Sun, 10/16/2011 – Sat, 12/31/2011
Fuller Gallery
A 1982 gift from Bethlehem Steel Corporation provided a very fitting complement to grace the grand displays of Renaissance and Baroque art that celebrated the museum’s reopening. Made in Paris between 1698 and 1700, the engraved maps of the continents feature scenes of their native inhabitants, local industries, and key sites.
The ambitious production and publication was a joint venture among French royal cartographer Nicholas de Fer (1645–1720) and engravers H. Van Loon and Nicholas Guerard (1648–1719). Pasted onto the margins of each map are separately printed descriptions of the areas depicted. Through image and text, de Fer promoted the crown’s economic and colonial interests, and his dedication displays the coat of arms of his patron, the Dauphin, heir to the French throne.

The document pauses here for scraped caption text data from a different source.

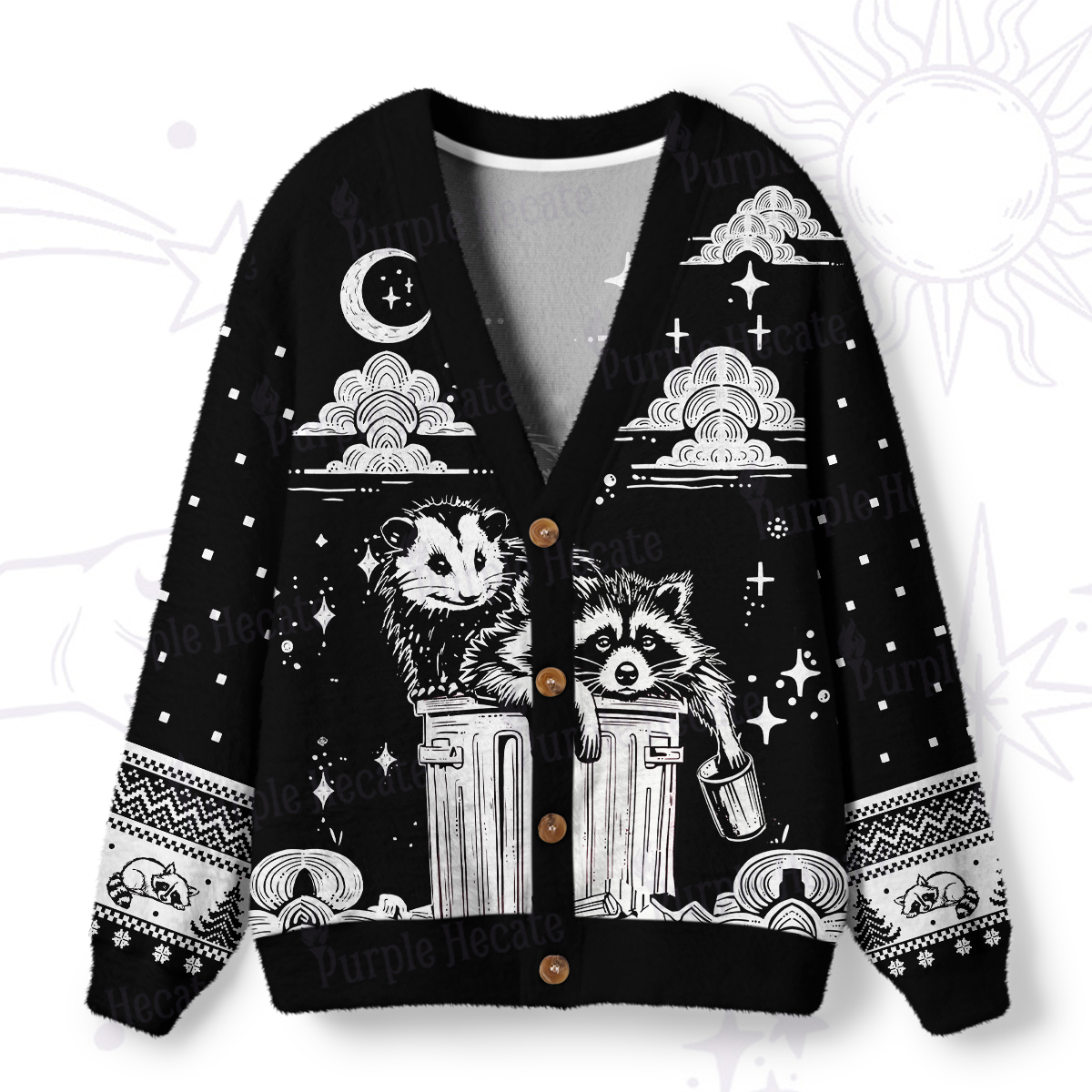Purplehecate The Team Trash Raccoon & Possum Ugly Cardigan Sweaters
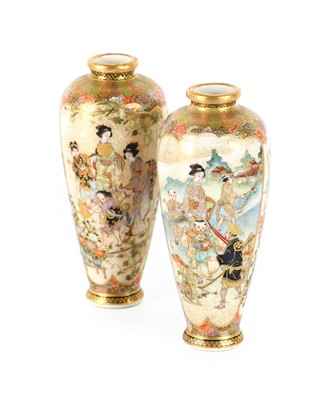 Lot 68 - ~ A Pair of Japanese Satsuma Earthenware Vases,...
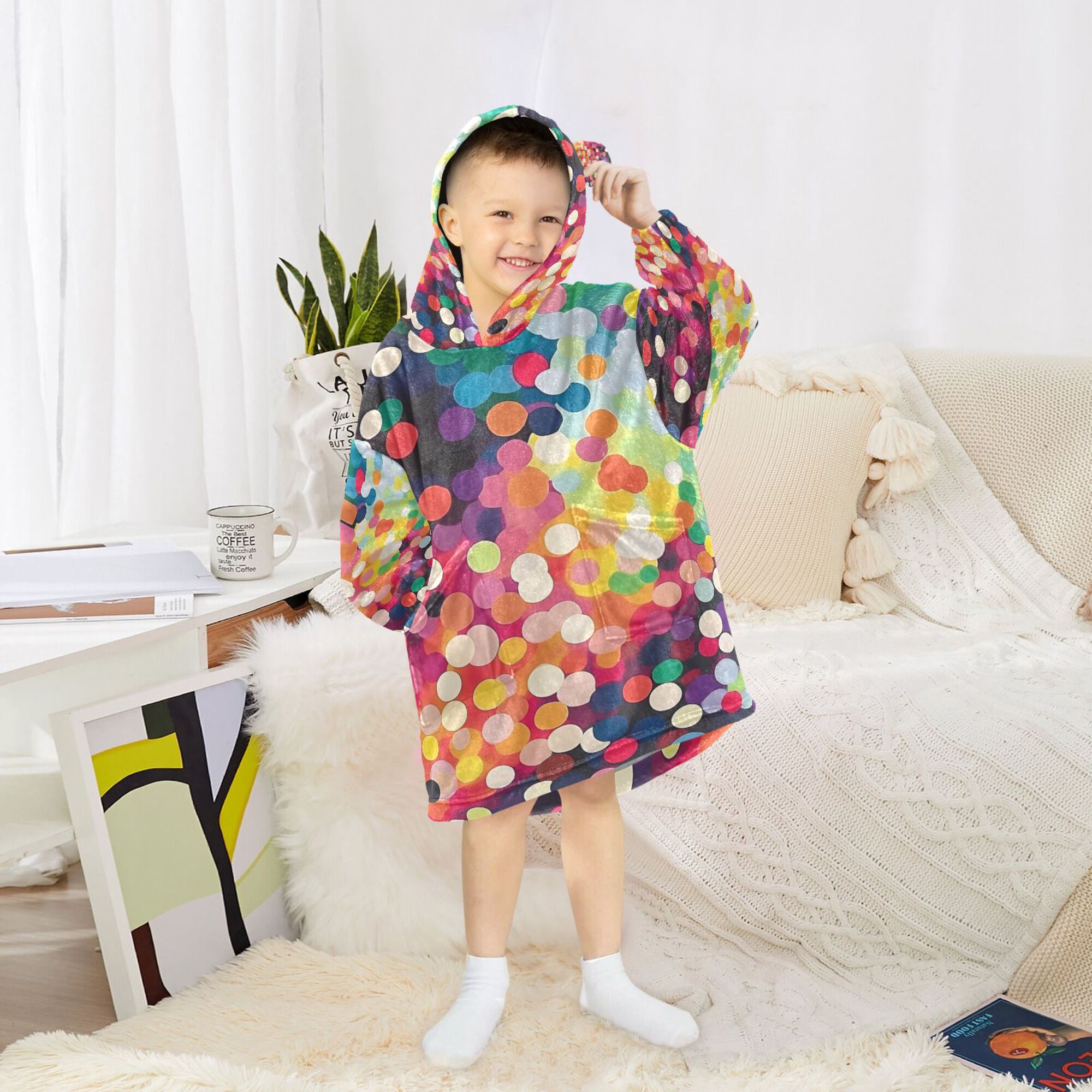 FORMRS Wearable Blanket Hoodie with Sleeves for Kids Cozy Flannel Sweatshirt, Green Colorful Circles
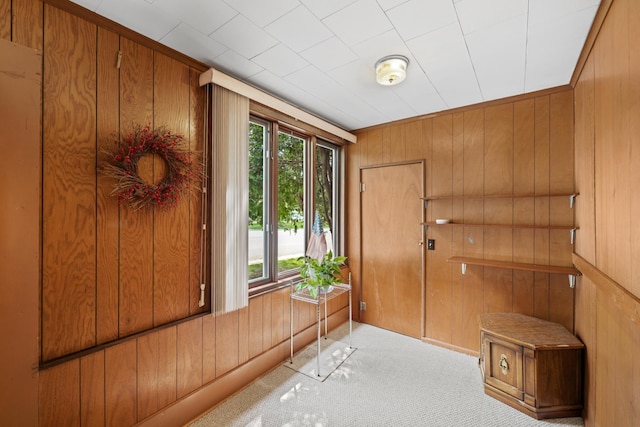 foyer entrance featuring wooden walls and light carpet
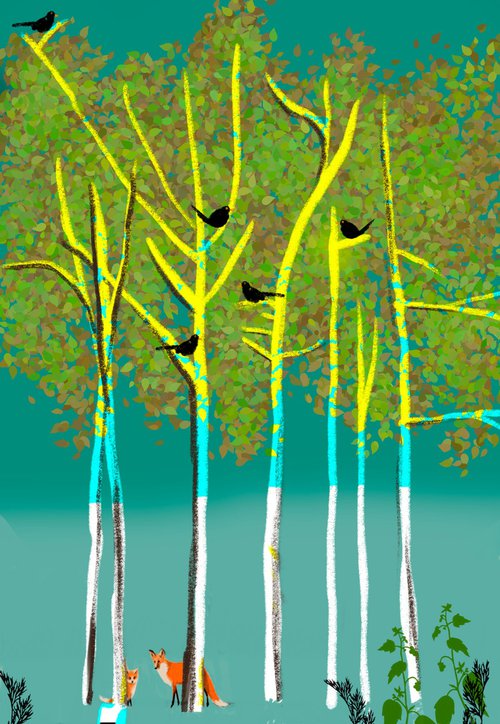 The Blackbirds , cute lovebird tree artwork v2 by Stuart Wright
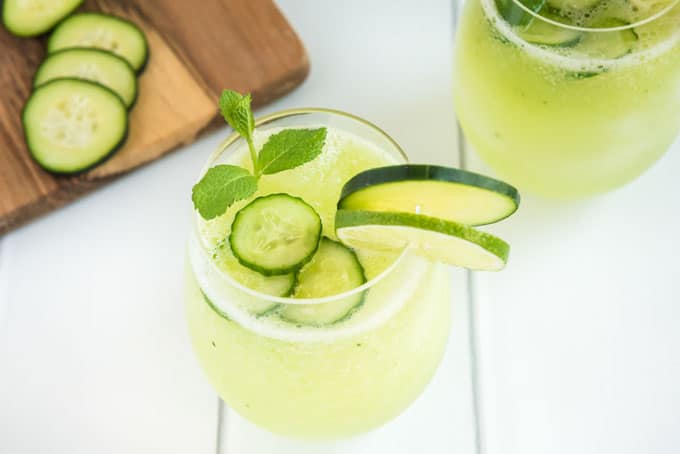 cucumber agua fresca in glass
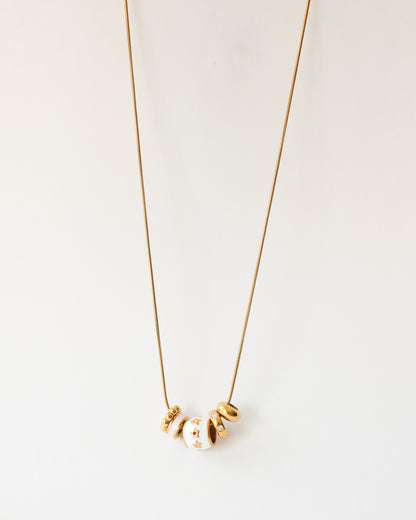 18K Gold Plated Stainless Steel Charm Necklace – White Enamel & Sparkling Beads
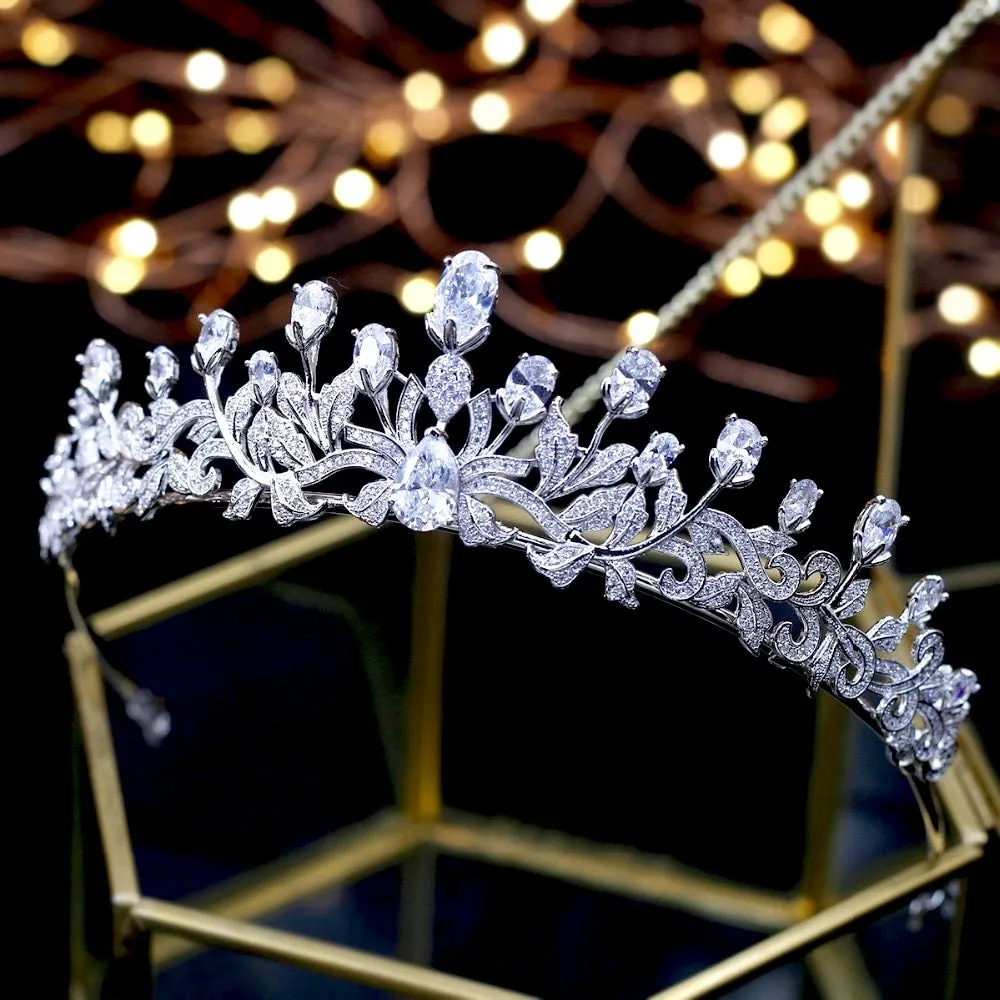 "Marcia" - Silver Cubic Zirconia Bridal Tiara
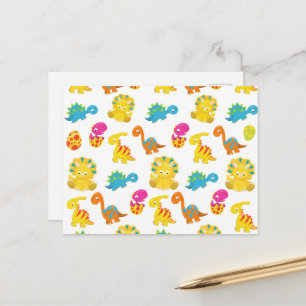 Cute Dinosaurs, Pattern Of Dinosaurs, Baby Dino Postcard
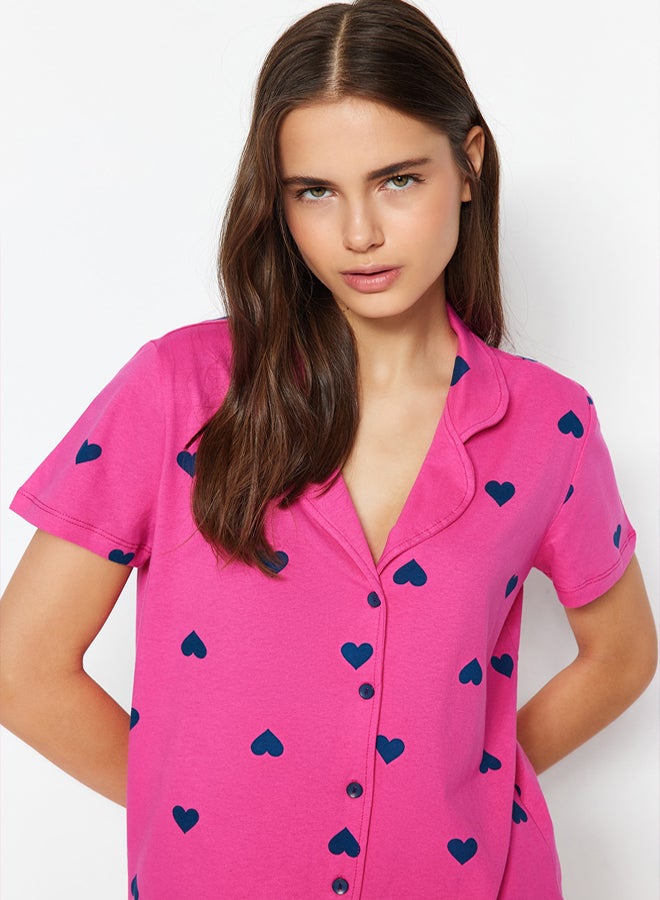 trendyol Pink 100% Cotton Heart Shorts Knitted Pajama Set - Image 3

The Americas are shown in a rare first edition of 1698, notable as one of the era’s most important and influential maps of North America. While it incorporated some misguided information from written accounts of early missionary explorers (California, for example, appears as a massive island and the scene of Niagara Falls is a fantasy), this was the first map to include a vignette of Canada’s industrious beavers, a clear nod to competitive colonial interests in the lucrative North American fur trade. It is famously known as “the original beaver map.”